It’s not that Neil doesn’t have the desire to go to yoga class. He does. But first he had a big book deadline, then we were packing up and relocating for his sabbatical. And then another big book deadline. And Lucien starting school. And a new apartment to set up. And out of town work trips. And an academic journal to edit. And on and on; so much getting in between Neil and his yoga practice.
Then there’s one more impediment: me.
This is awful to say but I fear that the real reason Neil has stopped going to yoga class is simple; I have stopped making him go.
I don’t mean forcing him out the door (though there have been Sunday mornings when it felt like that), but finding an appropriate class and teacher, carving out time in his schedule, taking care of our son during his class time. Even going out and buying him shorts and a T-shirt so he’d have something to wear to yoga class.
Is it my responsibility to schedule my husband’s yoga time?
Part of me, the selfish part, says no, of course not. Isn’t that his job? But the yogi in me says, maybe.
After all, I want Neil to practice yoga for all the right reasons. Because I love him and care about his health; because he works so hard both in the office and at home and needs and deserves a weekly break; because a more relaxed and rested husband means a happier family. The truth is Neil probably wouldn’t do yoga if I didn’t encourage (read: “make”) him.
And what about the many, many times Neil has made it possible for me to practice?
Still, lately, when it’s come down to it, I’ve been hoarding that yoga class time for myself. With all the changes in our life recently, I’ve had a hard time reestablishing my home practice and have relied on my one or two yoga classes a week for my practice. It’s been hard to want to halve that in order to make sure Neil practices, too.

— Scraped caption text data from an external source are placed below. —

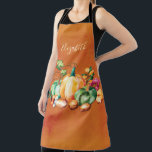 Herfst Autumn Harvest Waterverf Thanksgiving Schort<br><div class="desc">Lieve herfst kleurde de herfstoogst van pompoenen en meer. Voeg je eigen monogram toe. Ideaal voor moeder,  grootmoeder,  vriend of familielid. Prachtige waterverf kunst werkt.</div>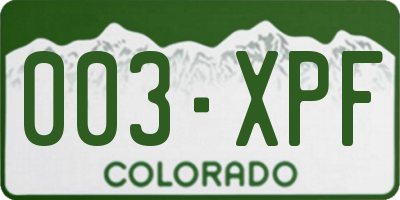 CO license plate 003XPF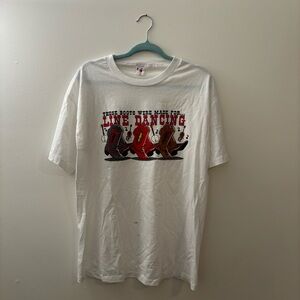 White Line Dancing Graphic T-Shirt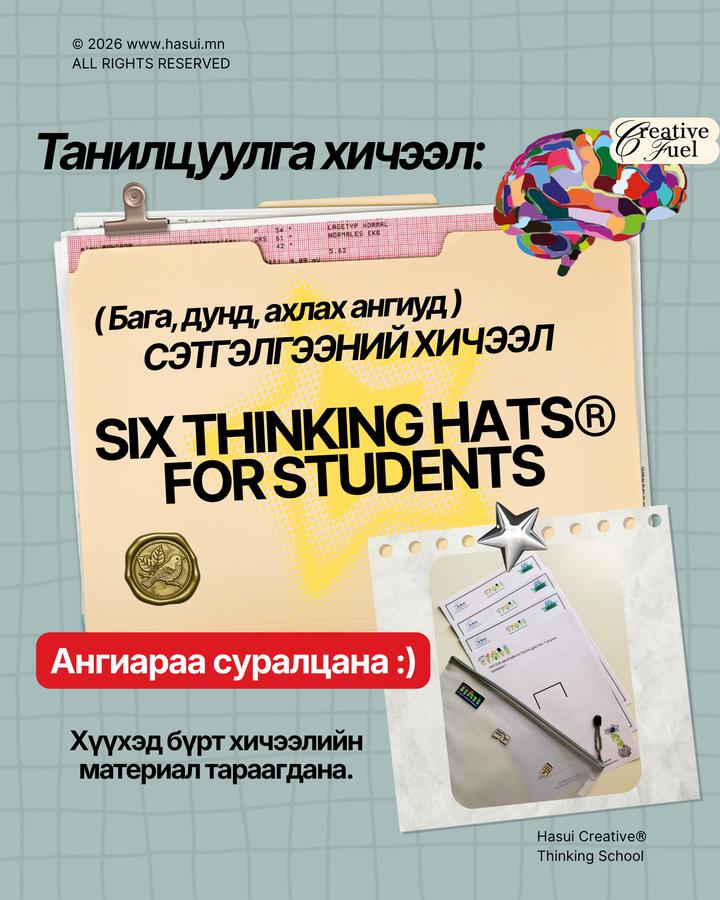 Танилцуулга хичээл: Six Thinking Hats® for Students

But the other day on a Sunday afternoon, Neil and Lucien were out and I finally took out my mat, my blankets, my chair, my yoga props and spent a glorious hour plus on the living room floor returning to my practice.

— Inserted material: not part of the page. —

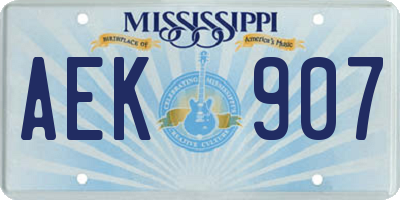 MS license plate AEK907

As I sat in meditation at the end of my home session, I couldn’t help but think about my next project: Getting Neil back to yoga class.
Does your partner practice? Do you feel a responsibility for getting her or him to class?
Jessica Berger Gross is the author of enLIGHTened: How I Lost 40 Pounds with a Yoga Mat, Fresh Pineapples, and a Beagle Pointer (Skyhorse), out in paperback now. She’s spending the year in Brooklyn, New York with her husband and five-year-old son. “Like” her author page on Facebook. Follow her on Twitter. Visit her at www.jessicabergergross.com.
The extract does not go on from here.